In November 2007, FIFA had suspended Kuwait from all international matches because of governmental interference in the national football program. The dispute originated with Kuwait's October 9 elections for key posts in the country's soccer federation. FIFA and the Asian Football Confederation (AFC) refused to recognise the polls. FIFA said Kuwait had ignored the two bodies' "road map" of reforms requiring them to set up an interim board to organize fresh elections and draft new guidelines to prevent governmental interference in the game.

==Oil industry==

===Project Kuwait===
Project Kuwait is a $7 billion, 25-year plan, first formulated in 1997 by the SPC, to increase the country's oil production (and to help compensate for declines at the mature Burgan field), with the help of international oil companies. In particular, Kuwait aims to increase output at five northern oil fields (Abdali, Bahra, Ratqa, Raudhatain, and Sabriya) from their current rate of around 650000 oilbbl/d to 900000 oilbbl/d within three years.

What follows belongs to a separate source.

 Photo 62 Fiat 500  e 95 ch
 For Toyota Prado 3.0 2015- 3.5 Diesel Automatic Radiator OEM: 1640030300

Al-Sane opposes Project Kuwait and allowing foreign oil companies into Kuwait. On December 23, 2005, Al-Sane told the press that he opposed the entry of these foreign companies because it is barred by the constitution: "The step the government wants to take is against the law, and we have to stand against it strongly... The constitutional issue is the main one. We're not against foreign investments, but the problem is that you have to stick to the constitution."